Gérard Mourou, Ted Hänsch, and Stefan Hell call for explicit addition of photonics as key technology in forthcoming Horizon Europe program.

Three recent Nobel laureates working in the photonics sector have criticized the European Commission (EC) for omitting any explicit mention of photonics in its draft document outlining plans for the Horizon Europe research and innovation program.

Gérard Mourou, Ted Hänsch, and Stefan Hell co-signed a strongly worded letter addressed to Carlos Moedas and Mariya Gabriel – the respective European commissioners responsible for research and the digital economy.

In the letter, supported and publicized by the Photonics21 representative group in Europe, the three scientists write that it would be a “serious strategic mistake” to remove photonics from a priority list of technologies included in the EC’s draft plan for Horizon Europe.

“It is with deepest concern that we observe photonics does not appear to remain a priority of the European Commission,” they note, adding. “There is no scientific, technological, or industry policy rationale for such a decision.”

Key enabler
The Nobel winners contrast the apparent omission with the relatively high profile of photonics in the current Horizon 2020 funding program, which runs until the end of 2020. Under Horizon 2020, photonics has been officially recognized as a key enabling technology (KET), and attracted billions of euros in EC support via the Photonics21-coordinated public private partnership (PPP).

“A photonics capacity is vital to European sovereign security interests,” warn Mourou, Hänsch, and Hell in their letter, while noting that thanks to the explicit focus on the technology under Horizon 2020, Europe now has a “world-leading position and outstanding excellence” in the field.

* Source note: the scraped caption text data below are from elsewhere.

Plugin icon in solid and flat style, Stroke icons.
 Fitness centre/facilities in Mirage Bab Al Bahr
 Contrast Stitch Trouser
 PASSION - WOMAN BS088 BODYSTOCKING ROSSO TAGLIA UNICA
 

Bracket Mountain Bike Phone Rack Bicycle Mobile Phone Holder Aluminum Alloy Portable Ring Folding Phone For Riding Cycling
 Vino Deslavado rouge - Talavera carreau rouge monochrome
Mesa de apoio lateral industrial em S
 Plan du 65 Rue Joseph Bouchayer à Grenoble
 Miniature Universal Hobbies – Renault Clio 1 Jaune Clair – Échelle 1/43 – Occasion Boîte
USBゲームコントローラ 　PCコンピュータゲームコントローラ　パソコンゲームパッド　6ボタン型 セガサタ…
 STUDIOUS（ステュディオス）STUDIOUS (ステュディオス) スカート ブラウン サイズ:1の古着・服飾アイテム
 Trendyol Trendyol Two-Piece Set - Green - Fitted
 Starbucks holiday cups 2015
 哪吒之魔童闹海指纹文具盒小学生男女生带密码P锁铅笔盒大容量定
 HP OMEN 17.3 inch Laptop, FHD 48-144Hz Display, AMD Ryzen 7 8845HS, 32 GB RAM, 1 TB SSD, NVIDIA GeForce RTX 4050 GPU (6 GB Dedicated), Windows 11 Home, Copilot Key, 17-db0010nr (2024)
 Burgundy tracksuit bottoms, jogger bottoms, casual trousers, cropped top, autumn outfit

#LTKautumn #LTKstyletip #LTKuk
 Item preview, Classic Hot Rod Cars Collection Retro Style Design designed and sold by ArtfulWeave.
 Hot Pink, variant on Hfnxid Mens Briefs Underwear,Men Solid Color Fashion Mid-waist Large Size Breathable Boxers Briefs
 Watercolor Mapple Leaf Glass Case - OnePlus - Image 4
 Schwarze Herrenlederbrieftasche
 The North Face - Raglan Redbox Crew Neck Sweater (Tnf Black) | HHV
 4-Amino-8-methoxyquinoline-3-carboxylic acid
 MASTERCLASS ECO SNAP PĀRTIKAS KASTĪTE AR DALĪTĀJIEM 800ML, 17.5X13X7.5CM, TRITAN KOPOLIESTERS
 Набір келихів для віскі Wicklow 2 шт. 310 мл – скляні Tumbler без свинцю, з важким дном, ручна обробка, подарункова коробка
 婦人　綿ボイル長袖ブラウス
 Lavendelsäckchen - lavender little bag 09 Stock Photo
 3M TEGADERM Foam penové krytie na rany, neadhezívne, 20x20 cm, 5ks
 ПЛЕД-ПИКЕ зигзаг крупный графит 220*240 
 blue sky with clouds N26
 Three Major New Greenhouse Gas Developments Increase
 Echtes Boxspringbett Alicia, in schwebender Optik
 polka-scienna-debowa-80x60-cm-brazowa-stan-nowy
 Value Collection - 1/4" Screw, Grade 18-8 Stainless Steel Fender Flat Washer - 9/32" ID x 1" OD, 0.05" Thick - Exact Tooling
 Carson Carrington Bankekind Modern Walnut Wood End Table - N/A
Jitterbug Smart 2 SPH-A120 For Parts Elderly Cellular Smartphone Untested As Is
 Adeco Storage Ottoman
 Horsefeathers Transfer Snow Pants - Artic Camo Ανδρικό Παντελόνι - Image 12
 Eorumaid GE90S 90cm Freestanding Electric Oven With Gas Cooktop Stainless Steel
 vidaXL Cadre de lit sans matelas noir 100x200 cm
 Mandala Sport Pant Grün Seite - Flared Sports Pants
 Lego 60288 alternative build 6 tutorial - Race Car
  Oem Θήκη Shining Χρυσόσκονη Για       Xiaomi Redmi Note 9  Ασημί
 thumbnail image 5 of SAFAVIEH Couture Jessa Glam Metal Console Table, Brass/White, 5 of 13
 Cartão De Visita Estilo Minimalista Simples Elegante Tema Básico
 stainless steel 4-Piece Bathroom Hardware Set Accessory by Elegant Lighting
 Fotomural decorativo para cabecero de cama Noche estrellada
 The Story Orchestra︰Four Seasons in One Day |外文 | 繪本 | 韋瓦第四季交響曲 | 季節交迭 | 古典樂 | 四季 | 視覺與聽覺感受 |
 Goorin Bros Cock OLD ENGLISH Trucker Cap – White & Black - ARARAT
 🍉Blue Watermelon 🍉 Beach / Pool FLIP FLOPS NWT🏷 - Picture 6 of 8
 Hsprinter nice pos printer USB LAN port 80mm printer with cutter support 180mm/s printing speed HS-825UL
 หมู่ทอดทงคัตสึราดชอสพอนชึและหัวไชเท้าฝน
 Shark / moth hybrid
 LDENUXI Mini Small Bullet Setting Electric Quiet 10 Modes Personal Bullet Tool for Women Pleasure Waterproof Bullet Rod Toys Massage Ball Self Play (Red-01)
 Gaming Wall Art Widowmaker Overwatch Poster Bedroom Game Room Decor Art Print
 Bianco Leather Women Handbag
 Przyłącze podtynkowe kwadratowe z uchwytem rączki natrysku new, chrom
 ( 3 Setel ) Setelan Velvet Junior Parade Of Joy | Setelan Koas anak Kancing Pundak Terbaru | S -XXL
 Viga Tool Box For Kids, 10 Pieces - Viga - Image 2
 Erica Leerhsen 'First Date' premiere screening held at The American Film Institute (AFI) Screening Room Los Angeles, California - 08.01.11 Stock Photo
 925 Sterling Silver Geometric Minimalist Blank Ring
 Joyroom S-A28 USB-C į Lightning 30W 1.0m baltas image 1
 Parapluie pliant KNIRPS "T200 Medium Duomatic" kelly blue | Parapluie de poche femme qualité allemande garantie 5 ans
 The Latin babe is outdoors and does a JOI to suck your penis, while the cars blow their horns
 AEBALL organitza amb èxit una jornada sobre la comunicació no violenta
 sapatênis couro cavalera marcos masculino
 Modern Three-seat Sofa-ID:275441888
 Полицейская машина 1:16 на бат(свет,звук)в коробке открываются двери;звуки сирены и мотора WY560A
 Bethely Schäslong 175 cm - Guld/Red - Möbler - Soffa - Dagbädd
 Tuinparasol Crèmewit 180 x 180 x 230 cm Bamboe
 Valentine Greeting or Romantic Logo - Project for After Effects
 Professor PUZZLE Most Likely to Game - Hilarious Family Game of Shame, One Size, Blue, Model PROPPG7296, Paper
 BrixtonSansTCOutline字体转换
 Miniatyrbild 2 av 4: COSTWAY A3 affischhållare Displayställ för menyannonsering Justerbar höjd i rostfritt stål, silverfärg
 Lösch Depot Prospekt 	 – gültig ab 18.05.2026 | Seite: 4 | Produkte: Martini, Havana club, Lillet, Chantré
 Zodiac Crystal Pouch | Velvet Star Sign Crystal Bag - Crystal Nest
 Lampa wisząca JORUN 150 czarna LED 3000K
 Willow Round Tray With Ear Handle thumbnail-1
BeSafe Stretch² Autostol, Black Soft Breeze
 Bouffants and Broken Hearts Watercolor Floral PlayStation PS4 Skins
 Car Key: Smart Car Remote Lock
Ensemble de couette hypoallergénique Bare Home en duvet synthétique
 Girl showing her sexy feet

In the draft plans that the laureates are referring to, the EC has outlined a more challenge-oriented, top-down approach to innovation funding under Horizon Europe, which has a proposed budget of €100 billion over seven years.

“Pillar 2” of that plan addresses the areas typically involving photonics technology, under the headline “global challenges and industrial competitiveness”. In a presentation dating back to June 2018, the EC provisionally allocates more than €50 billion in support across five key “clusters”.

Tenth priority
Of those clusters, “digital and industry” represents the applications most closely linked to photonics, with a provisional budget of €15 billion. Nine different technology areas are then listed by the EC as relevant to the digital and industry cluster.

And while photonics technology could be viewed as implicit and underpinning some of those areas – particularly “next-generation internet”, “manufacturing technologies”, and “key digital technologies” – the word “photonics” is not included explicitly.

The three Nobel laureates are urging Moedas and the EC to change that, and include photonics as a specific visible objective in the Horizon Europe plan. They stress the importance of both industrial and scientific expertise in photonics as essential for powering the digital economy across the continent, and to underpin future advances in key sectors like health, space, mobility, and security.

“We explicitly call on the European Commission to reconsider the current draft programming for the cluster on ‘digital and industry’ within the future Horizon programme, and include photonics as the tenth area of intervention, the tenth technology priority, in this industry cluster,” they conclude.

Mourou won a share of the physics Nobel last year for his co-invention of the chirped-pulse amplification (CPA) technique for generating ultra-high-power laser pulses; Hell shared the chemistry Nobel in 2014 for his work on stimulated emission depletion (STED) super-resolution microscopy; Hänsch was recognized with the physics Nobel in 2005 for his co-development of precision spectroscopy with frequency combs.